Gov. Scott said Florida is withdrawing from PARCC. But his letters to U.S. Secretary of Education Arne Duncan and Florida Board of Education Chairman Gary Chartrand don't explicitly say that—they only say the state will no longer be PARCC's fiscal agent, and that it is seeking competitive bids for a new assessment for the Common Core State Standards. And Florida Commissioner of Education Pam Stewart said Monday that the state is remaining in the PARCC consortium.
So what's the final word? I asked the governor's office for clarification Tuesday and was referred instead to the Florida Department of Education, whose spokesman, Joe Follick, told me this: "We will remain a member of PARCC, in the context of: We have withdrawn as fiscal agent and are seeking all other alternatives to PARCC."

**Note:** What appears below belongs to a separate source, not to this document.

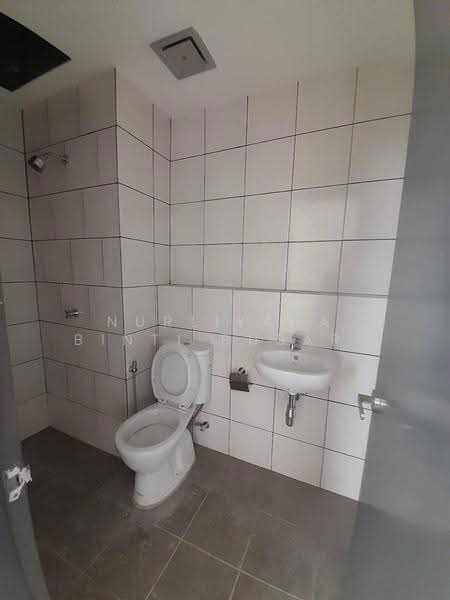 Kilang untuk Disewa di Shah Alam (Selangor) - Nurliyana Binti Busari - Bathroom - PropertyGuru.com.my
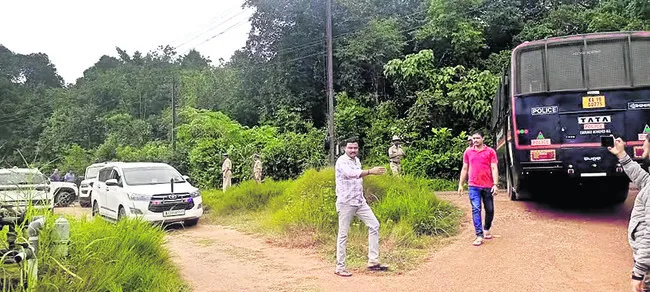 తిమరోడి ఇంట్లో సిట్‌ సోదాలు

From PARCC's perspective, if a state is a governing board member of PARCC (as Florida still is) that state is, in fact, committed to using the consortium's test for the 2014-15 school year. But clearly, that's not actually the case as far as Florida is concerned.
What's left unanswered is why Scott said something that contradicts his own education department. As a practical matter, he did make it clear that the relationship between Florida and PARCC from now on will be either much more limited than it used to be, or all but non-existent. But even with that important context, Florida's officials don't appear to be entirely on the same page.